Something in those words unlocked a door for me. The truth is, I have known I wasn't a Christian since I was a teenager. However, the reality of admitting that at any time in my past would have been devastating and impossible. I was far too bent towards the expectations of others. I tried very hard to be a Christian, just because I thought that's what I was supposed to do; not because it really meant something to me. for awhile, being a part of a charismatic denomination convinced me that my true, honest spirit was really Satan telling me lies. I fought it with all I had, and in the end, that fight damn near killed me. My spirit is has a broader wingspan and is far more mystical than any dogma, and would not be contained.
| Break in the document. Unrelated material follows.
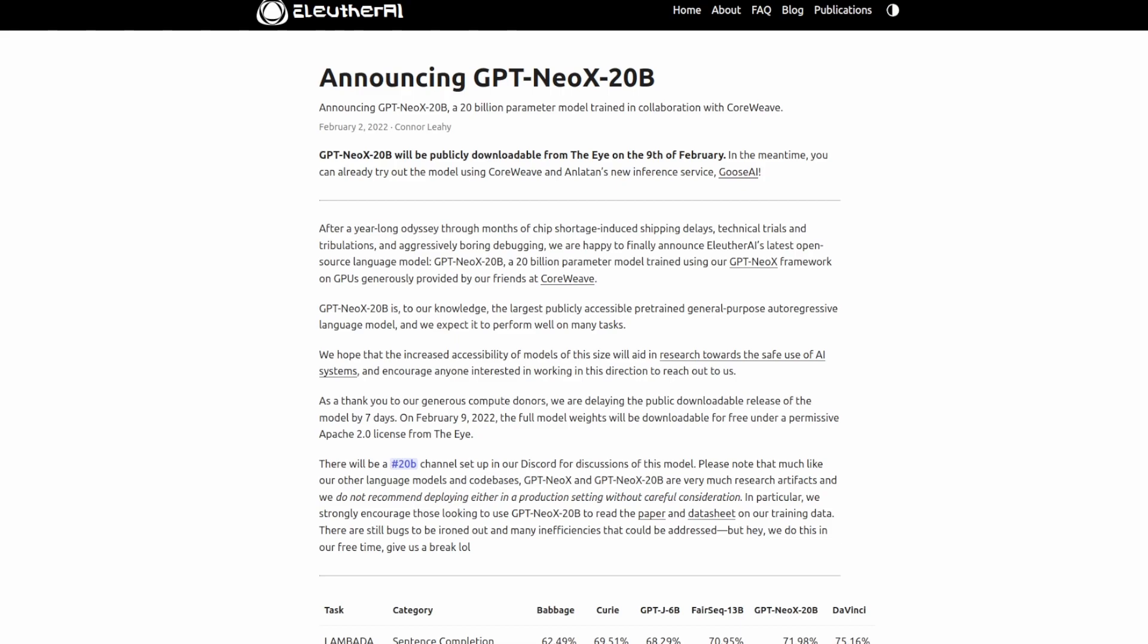As I said, the weights will be available on the 9th of February, but if we want to, we can access the model now through a service called Goose AI, which we'll check out later in the video.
I have tried to retain some version of belief for these last years, primarily from fear of the alternative -- having to admit to others that I no longer possess belief. I have sought the middle ground between religious and atheist. I always believed it existed and somewhere I would find it. Inevitably, I have released religion and all it's trappings, completely. I chose the other path. But you already knew that. And yet, I'm not fully on
any path, or at least not as defined by anyone else. I'm okay with that. Atheists would never embrace me, because I willfully choose to retain the mystery of what we do not yet understand; knowing full well that I'm atheist of any definition of God that would have me, but also believing that when I die, there is something
beyond. There is -after.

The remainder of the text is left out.